Oireachtas Joint and Select Committees

Thursday, 21 February 2019

Joint Oireachtas Committee on the Implementation of the Good Friday Agreement

Impact of Brexit on the Good Friday Agreement: Discussion (Resumed)

Photo of Simon CoveneySimon Coveney (Cork South Central, Fine Gael) | Oireachtas source

There are a lot of questions there. I will try to be accurate in the answers. Deputy Breathnach referred to the impact of a no-deal Brexit. A no-deal Brexit will put huge pressure on the economies of Northern Ireland, the Republic of Ireland and Britain as well as on the economies of other member states. No one should pretend we can have a contingency plan which is comprehensive enough to manage a no-deal Brexit easily. That is nonsense. It cannot. It will have an impact on our economic growth and on jobs which would otherwise have been created. We will still be creating jobs, but not as many. It will mean we have to operate on the basis of a deficit for another year or two rather than to have a surplus.

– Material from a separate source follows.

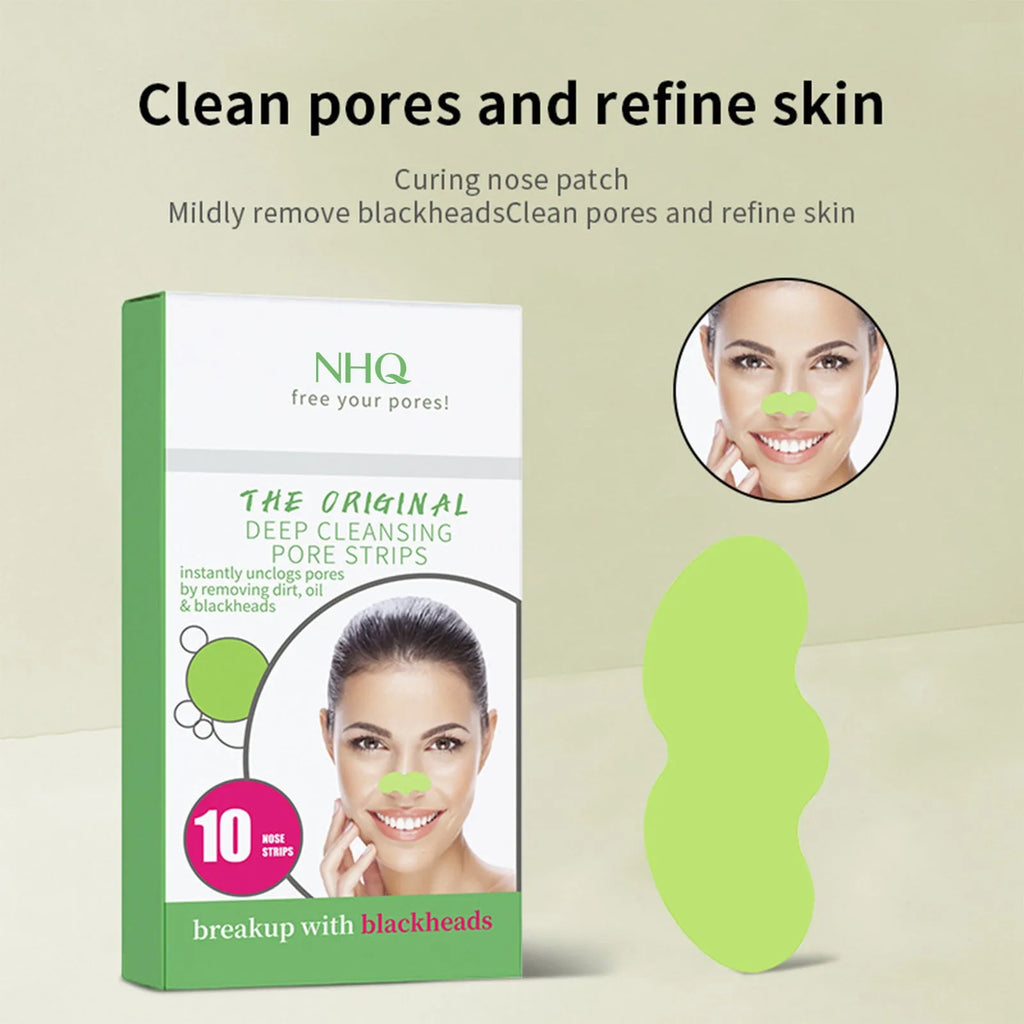 Black and green strawberry pore acne cleanser nose strips 70g unisex T-zone care box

Undoubtedly, we will have to borrow to fund and protect vulnerable sectors. I take beef and agrifood as an example of an area in which we have received confusing messages over the last number of weeks on the imposition of tariffs under the World Trade Organization rules that could be triggered in the context of a no-deal Brexit. Whether one is a farmer in Northern Ireland or down here, the impact is of great significance. Imagine the consequences for milk produced in Northern Ireland, 40% of which is actually processed south of the Border, if tariffs of somewhere above 40% were imposed. This would mean a loss for everyone. It would be crazy and we cannot allow it to happen. I do not believe it will happen, by the way, but we do not control all of the levers.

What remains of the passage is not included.